The European Union, as it has been formed and as it appears today, governed by a political “center” – which is capable of conducting extremist and devastating actions in defense of capitalist equilibriums – is subject to blackmail and may be destined to shatter. How much more the European multitudes understood that, in a globalized world, only a continental organization can allow for the satisfaction of the vital needs of the populations; the European political classes are proven to be less disposed to enter a political Union – unless it be built to directly and exclusively satisfy their interests.
We need to part with this decline and put democracy back into play in the construction of the European project. This is necessary in order for Greece to survive, for the democratic forces in Spain to establish themselves and continue winning, and for all Europeans to recognize themselves in Europe and exit a crisis and an austerity that no longer only make survival difficult, but also inhibit being free.
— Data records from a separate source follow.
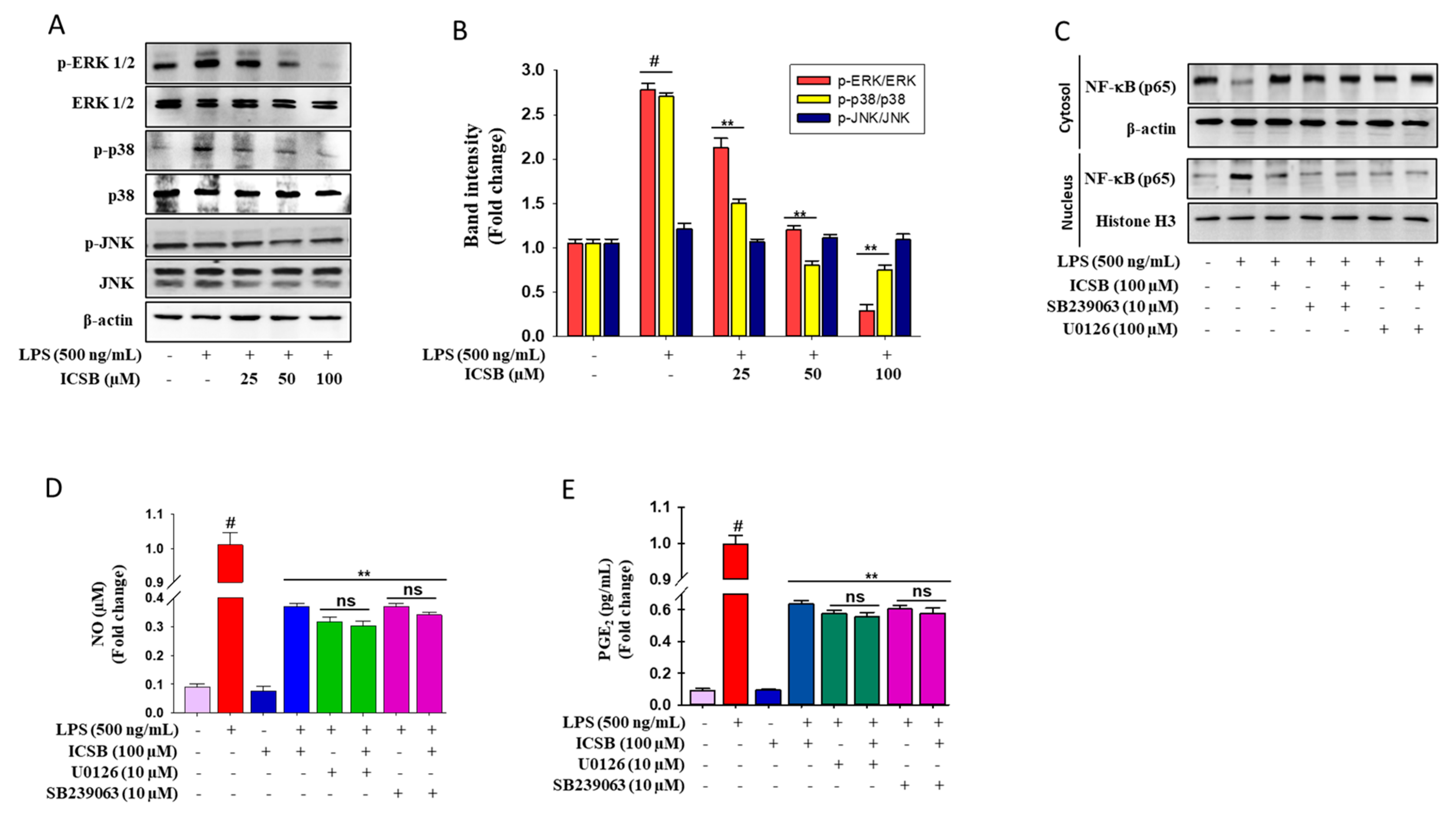 Biomolecules 10 01037 g004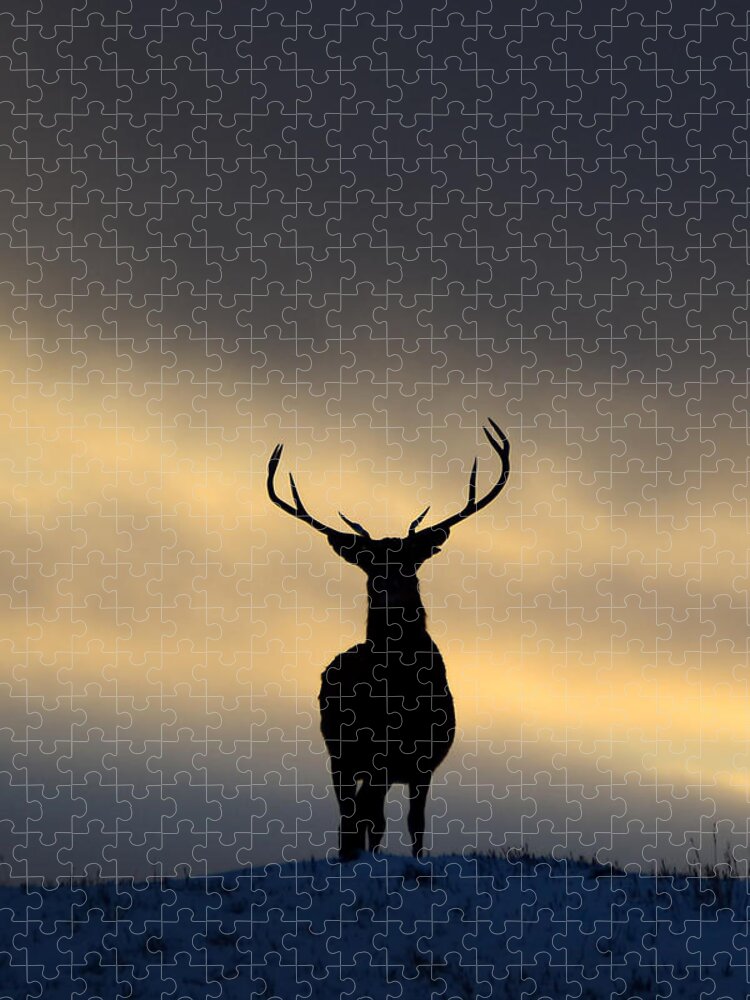 Stag Silhouette Jigsaw Puzzle featuring the photograph Stag Silhouette #1 by Gavin MacRae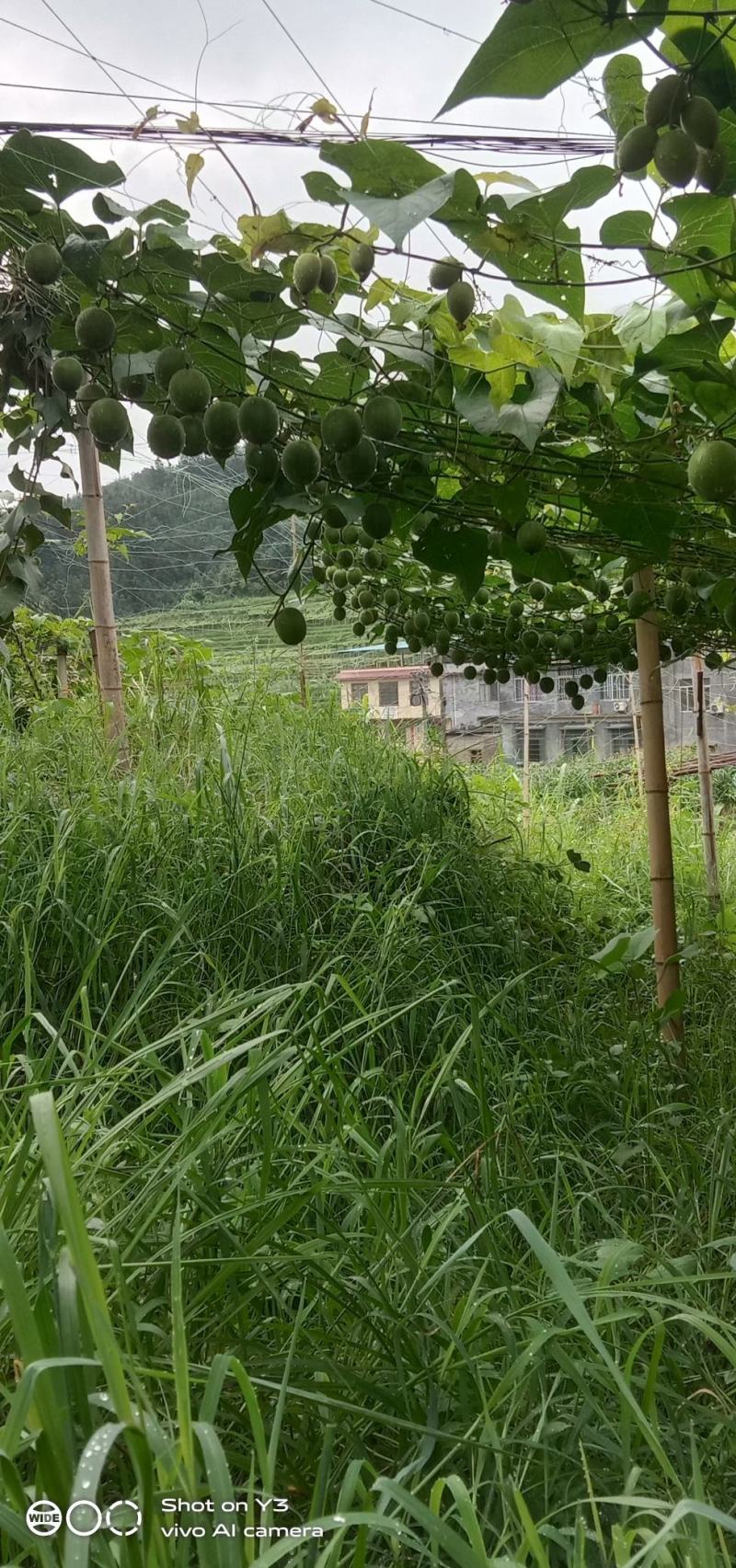罗汉果鲜品出售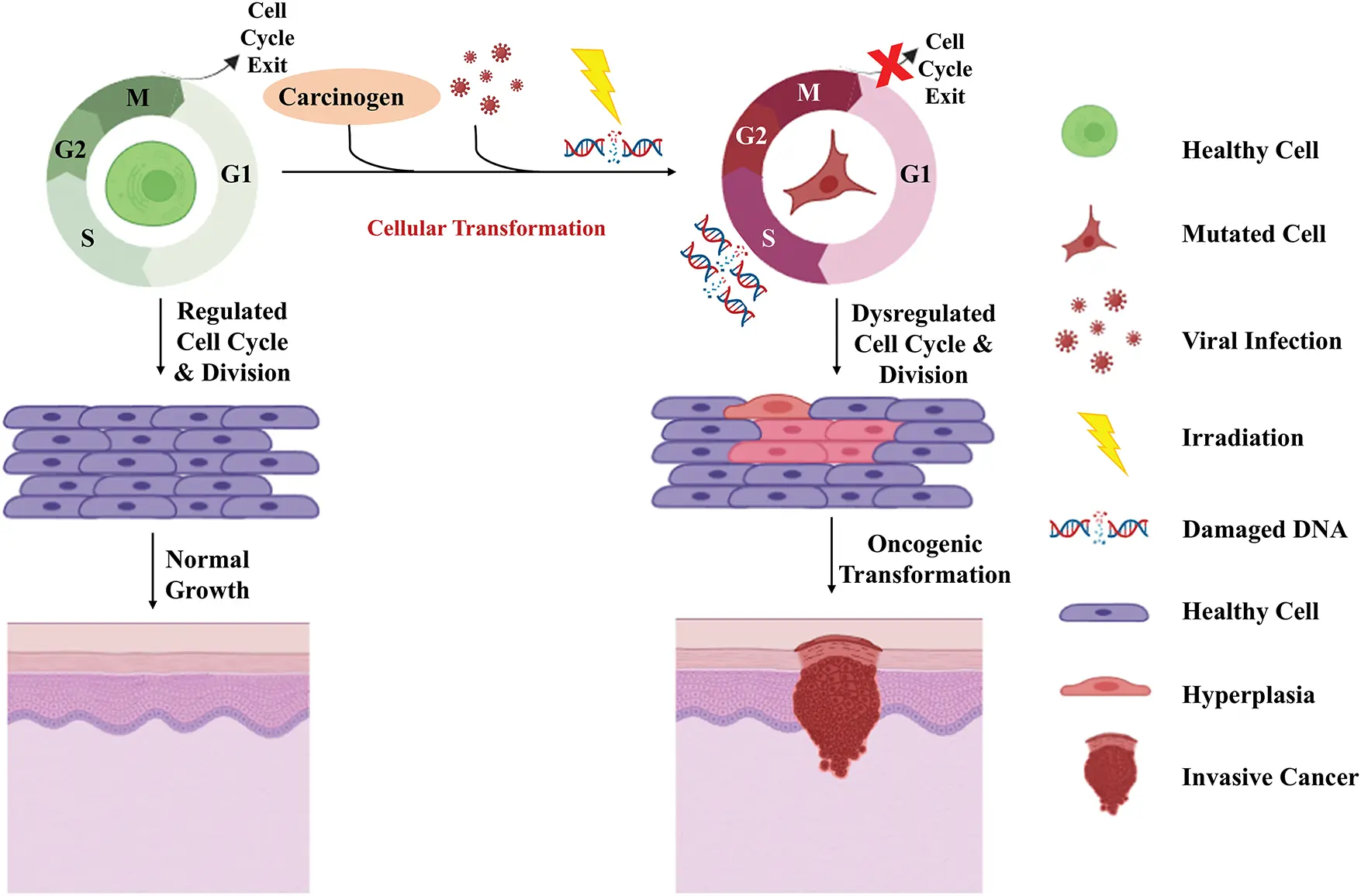 BIOCELL | Free Full-Text | Targeting cell cycle regulators: A new ...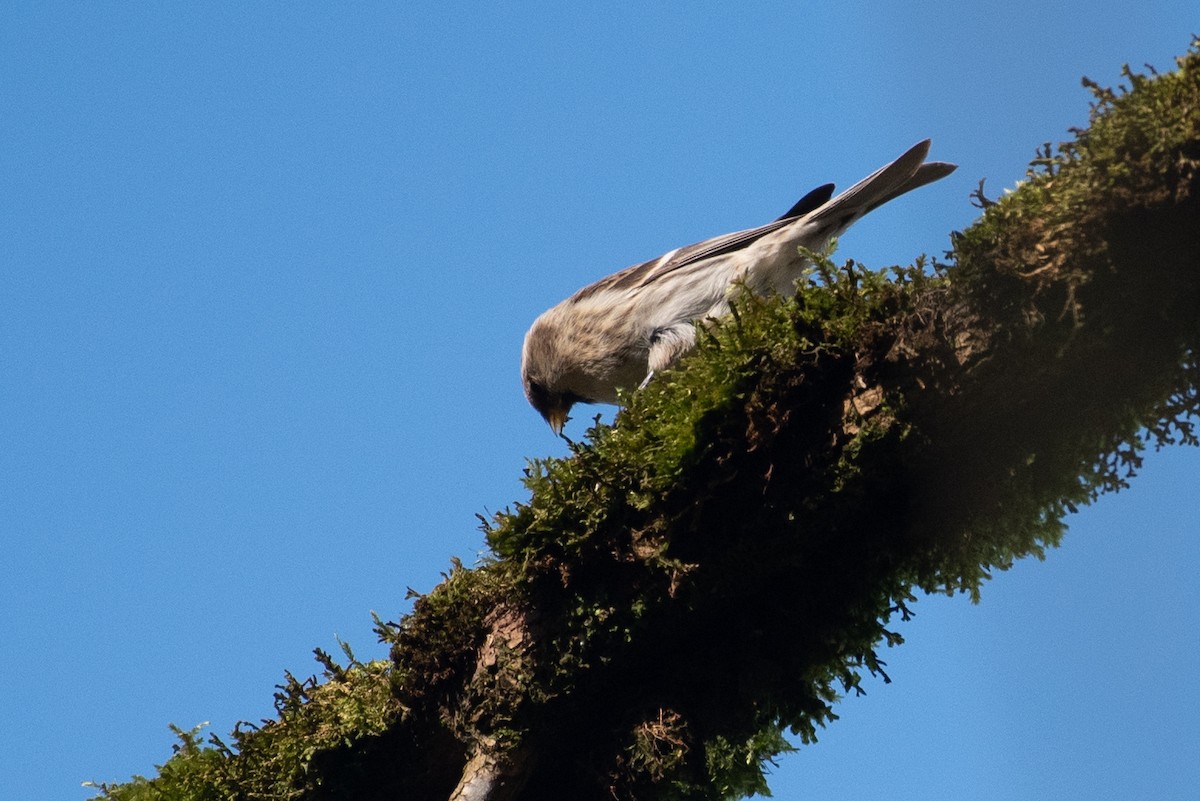 Common Redpoll - ML413695921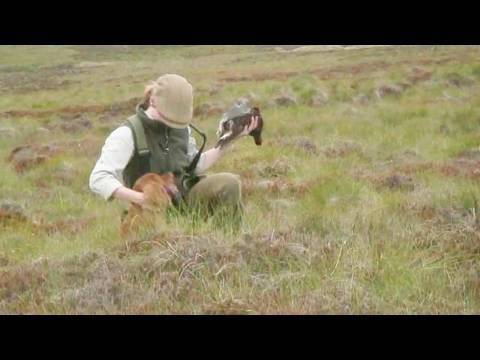 Fieldsports Britain – Grouse over pointers + high pheasants + giant carp funeral – episode 40 Fieldsports Britain – Grouse over pointers + high pheasants + giant carp funeral – episode 40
They can play it in both terrains, that of the existing Europe and that of the old, aggressive nationalism. We, in turn, cannot.
It is a particularly painful fact that to speak in favor of Europe today, to work towards the foundation of a constituent power that imposes its social character and its democratic characterization with a federalist perspective, the polemic must be developed against a considerable part of the lefts in Europe. It is clear that they have sold their inheritance. Already in 2005, at the moment of referendum on the European Constitution, the blindness of the European lefts became evident. The fact is that the European socialists do not see a possibility for doing politics and managing power that does not take place within the nation-State. This nationalist sectarian blindness has been reborn (after a long eclipse) and has reached its summit in the course of the European crisis. Instead of allying themselves with the movements of struggle to change the reality of the European Union, the European lefts have frequently declared themselves not only in favor of the politics of austerity, but also against Europe (as, for example, is taking place now in France), motivated by a corporate egoism that is depriving the word “left” of the little splendor that remained to it. So much so that this egoism is easily confounded with the hatred of the fascist forces against the Union. It is said by some left officials that Europe cannot function because, since the beginning, instead of a political government it opted, in its process of birth, to entrust itself to juridical bureaucracies: and it is true. It is also said that in a second phase the attempt was made to politically synchronize economies that had different and sometimes contradictory rhythms without introducing, at any point, effective motives for programmatic unity at the fiscal and cultural levels: and it is true. Later, under the flames of the crisis, they could not stop misfiring compensatory mechanisms, which brought the Union and the Euro – precisely in the absence of any political counter-force – to the edge of dissolution, at the expense of the vast majority of the populations of the South of Europe: and it is true.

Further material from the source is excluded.